In most applications, all passwords are salted independently. In terms of security (e.g. attack complexity), what are the consequences of the following differents approaches:

1. All passwords are salted with the same salt.

2. The application does not use salting, but end users choose their passwords by appending to them a (truly random) salt. We make the assumptions that these users are able to remember this much longer password, and that an adversary has access to both the identities of users and the salts that have been used in the associated passwords.

I know that the second is impractical, but I am curious.

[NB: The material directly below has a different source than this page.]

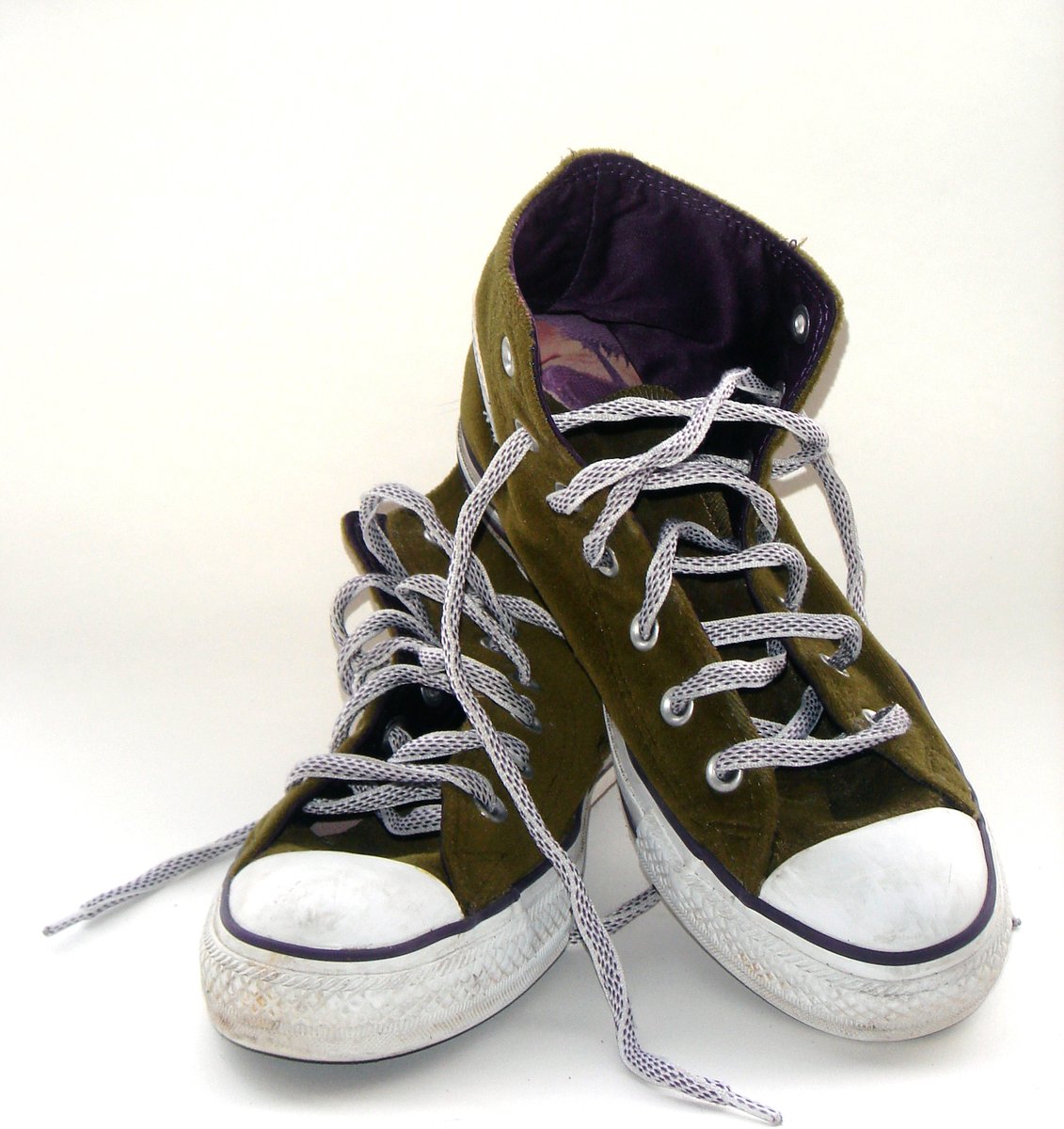 pair of sneakers with laces sitting on the ground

• When saving a password verifier just using a hash function is not sufficient and just adding a salt does little to improve the security. Instead iterate over an HMAC with a random salt for about a 100ms duration and save the salt with the hash. Use a function such as PBKDF2, Rfc2898DeriveBytes, password_hash, Bcrypt, passlib.hash or similar functions. The point is to make the attacker spend a substantial of time finding passwords by brute force. – zaph Jul 31 '17 at 15:24
• I've seen #1 in the wild and it's always a bad idea. I've never seen #2 as that seems procedurally impractical. People will choose "1234" as their "random" salt. Never depend on people to be vigilant when they're allowed to be lazy. – tadman Jul 31 '17 at 16:18

All passwords are salted with the same salt.

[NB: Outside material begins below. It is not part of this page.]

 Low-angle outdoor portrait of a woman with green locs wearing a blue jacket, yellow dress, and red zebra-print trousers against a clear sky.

Duplicate / reused passwords will show up because the resulting password hash is identical. Cracking the password database will become easier as all the passwords can be cracked at once using a specialized rainbow table or simple comparison against all the passwords in the database.

An attacker could also setup a website with the same salt and hope that users will repeat their passwords; in that case duplicates will show up even if the username is different.

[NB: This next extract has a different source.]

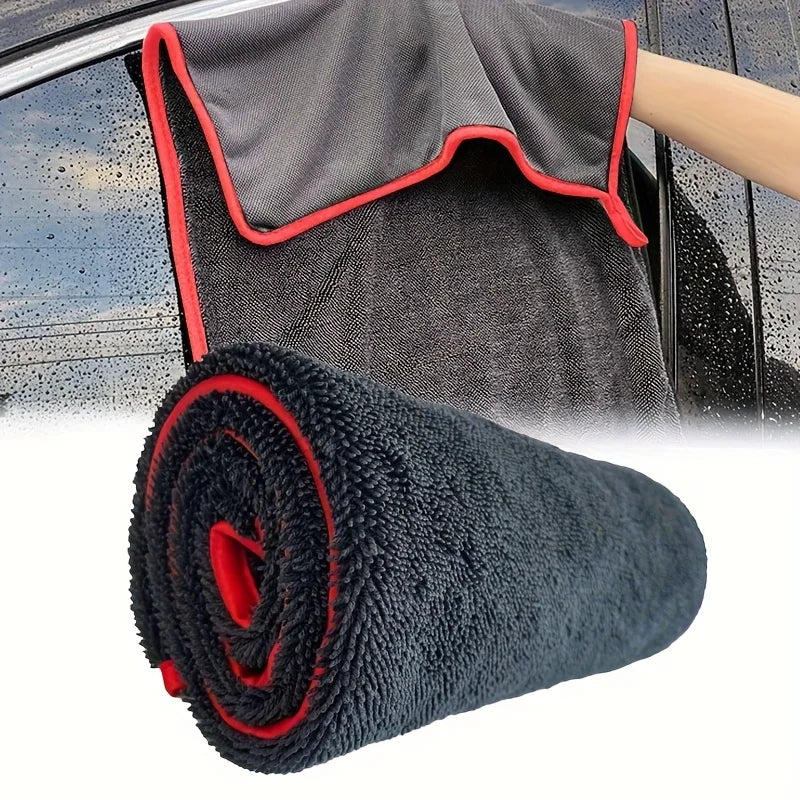 A rolled black microfiber car drying towel with red trim is shown next to a hand holding a car door.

There is still one advantage left for the salt: hacking multiple databases at the same time using rainbow tables or dictionary attacks is still thwarted (unless the salt is reused, e.g. when using "007" as salt, and other implementations do so as well).

The application does not use salting, but end users choose their passwords by appending to them a (random) salt. We make the assumptions that these users are able to remember them, and that an adversary has access to both the identities of users and the salts that have been used in the associated passwords.

That depends on the quality of the salt; but given that the users should remember them they might as well use a longer, unique password. Because they are going to forget that salt, especially if it is specified as e.g. hexadecimals.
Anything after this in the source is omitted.